Malheureusement, comme le soulignait récemment un juge dans une affaire de Ville de Rimouski c. Les Structures GB ltée , il est difficile de trouver un fil conducteur à travers les décisions de nos tribunaux puisque chacune s’appuie sur les faits particuliers du dossier. Le facteur déterminant ? L’irrégularité ne doit pas avoir un effet sur le prix de la soumission ou sur une exigence de fonds prévue à l’appel d’offres.
Les faits et le jugement de première instance
Dans cette affaire opposant Ville de Rimouski à Structures GB, la Cour d’appel devait qualifier l’irrégularité résultant du fait que le montant du cautionnement de soumission ne satisfaisait pas les exigences des documents d’appel d’offres. Ceux-ci requéraient le dépôt d’une garantie de soumission pour un montant de 150 000 $. Par contre, le texte quelque peu ambigu des instructions aux soumissionnaires permettait de croire, si la garantie prenait la forme d’un cautionnement, que celui-ci devait correspondre à 10 % de la valeur du contrat.

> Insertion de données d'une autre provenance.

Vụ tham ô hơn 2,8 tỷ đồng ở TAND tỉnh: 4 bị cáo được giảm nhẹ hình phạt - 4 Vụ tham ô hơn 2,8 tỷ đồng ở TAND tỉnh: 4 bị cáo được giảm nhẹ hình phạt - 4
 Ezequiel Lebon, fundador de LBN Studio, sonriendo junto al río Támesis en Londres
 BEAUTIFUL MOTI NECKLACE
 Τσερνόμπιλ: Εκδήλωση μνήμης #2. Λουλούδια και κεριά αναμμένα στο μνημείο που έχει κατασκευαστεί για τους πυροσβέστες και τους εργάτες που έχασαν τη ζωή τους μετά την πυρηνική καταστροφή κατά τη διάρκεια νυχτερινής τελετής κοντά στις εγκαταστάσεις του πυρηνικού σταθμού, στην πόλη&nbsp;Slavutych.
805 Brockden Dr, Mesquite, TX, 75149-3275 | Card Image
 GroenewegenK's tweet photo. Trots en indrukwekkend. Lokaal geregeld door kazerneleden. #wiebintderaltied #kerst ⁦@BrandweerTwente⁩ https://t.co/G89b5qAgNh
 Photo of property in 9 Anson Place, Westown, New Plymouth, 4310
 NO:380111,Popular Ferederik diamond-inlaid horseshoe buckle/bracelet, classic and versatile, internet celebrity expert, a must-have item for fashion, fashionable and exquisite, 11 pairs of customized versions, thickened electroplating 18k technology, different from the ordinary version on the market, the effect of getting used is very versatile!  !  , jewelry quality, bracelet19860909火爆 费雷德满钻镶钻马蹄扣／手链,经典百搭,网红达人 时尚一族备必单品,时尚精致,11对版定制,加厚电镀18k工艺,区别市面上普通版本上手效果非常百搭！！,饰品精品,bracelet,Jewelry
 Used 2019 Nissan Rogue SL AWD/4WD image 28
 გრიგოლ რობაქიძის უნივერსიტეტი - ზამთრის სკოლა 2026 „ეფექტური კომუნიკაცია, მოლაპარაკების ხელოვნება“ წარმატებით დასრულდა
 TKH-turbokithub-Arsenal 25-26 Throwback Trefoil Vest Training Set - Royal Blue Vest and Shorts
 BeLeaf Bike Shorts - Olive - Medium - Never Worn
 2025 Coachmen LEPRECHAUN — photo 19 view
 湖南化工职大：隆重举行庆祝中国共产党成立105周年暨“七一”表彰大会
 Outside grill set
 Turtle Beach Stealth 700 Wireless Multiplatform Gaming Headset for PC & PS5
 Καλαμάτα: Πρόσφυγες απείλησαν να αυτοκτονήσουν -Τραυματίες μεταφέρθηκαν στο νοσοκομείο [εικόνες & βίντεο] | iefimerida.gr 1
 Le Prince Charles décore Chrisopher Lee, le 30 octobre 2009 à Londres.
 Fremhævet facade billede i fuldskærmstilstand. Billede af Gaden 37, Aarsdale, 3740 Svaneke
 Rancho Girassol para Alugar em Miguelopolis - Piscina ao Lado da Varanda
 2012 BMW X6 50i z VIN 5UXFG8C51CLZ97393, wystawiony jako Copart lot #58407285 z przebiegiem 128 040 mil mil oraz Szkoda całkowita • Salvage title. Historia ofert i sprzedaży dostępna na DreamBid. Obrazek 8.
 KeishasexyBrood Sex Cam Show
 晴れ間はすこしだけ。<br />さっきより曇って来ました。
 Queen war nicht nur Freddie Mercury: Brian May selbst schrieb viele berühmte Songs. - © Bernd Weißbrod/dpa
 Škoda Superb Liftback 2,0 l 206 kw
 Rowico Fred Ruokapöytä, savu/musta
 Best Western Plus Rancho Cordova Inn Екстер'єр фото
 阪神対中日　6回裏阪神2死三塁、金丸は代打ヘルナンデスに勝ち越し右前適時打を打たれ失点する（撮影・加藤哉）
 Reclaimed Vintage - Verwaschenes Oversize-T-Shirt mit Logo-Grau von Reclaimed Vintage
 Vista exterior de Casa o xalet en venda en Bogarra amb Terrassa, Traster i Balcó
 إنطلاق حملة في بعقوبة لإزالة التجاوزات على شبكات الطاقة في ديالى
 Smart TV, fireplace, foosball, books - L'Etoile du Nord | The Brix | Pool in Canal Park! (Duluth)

Structures GB, dont la soumission s’avèrera être la plus basse, a déposé un cautionnement de soumission pour un montant correspondant à 10 % du prix de sa soumission, soit un écart négatif de 9 500 $ par rapport aux exigences. La municipalité conclut à la non-conformité de la soumission de Structures GB pour cette raison et octroie le contrat au 2e plus bas soumissionnaire.
Structures GB réclame à la municipalité sa perte de profits anticipés, au motif que Ville de Rimouski avait l’obligation d’accepter sa soumission, la plus basse, malgré l’insuffisance du montant de son cautionnement, une irrégularité mineure selon elle, d’ailleurs corrigée avant l’octroi du contrat. La Cour supérieure lui donne raison, concluant que la municipalité avait fait preuve d’une rigidité excessive qui servait mal l’intérêt de la collectivité.
La décision de la Cour d’appel
Dans un jugement rendu le 8 février dernier, la Cour d’appel s’est penchée sur les deux questions suivantes : (1) L’insuffisance du cautionnement de soumission constituait-elle une irrégularité majeure ou mineure ? (2) Si l’irrégularité n’était que mineure, la municipalité avait-elle la discrétion de rejeter la soumission alors qu’elle était la plus basse ?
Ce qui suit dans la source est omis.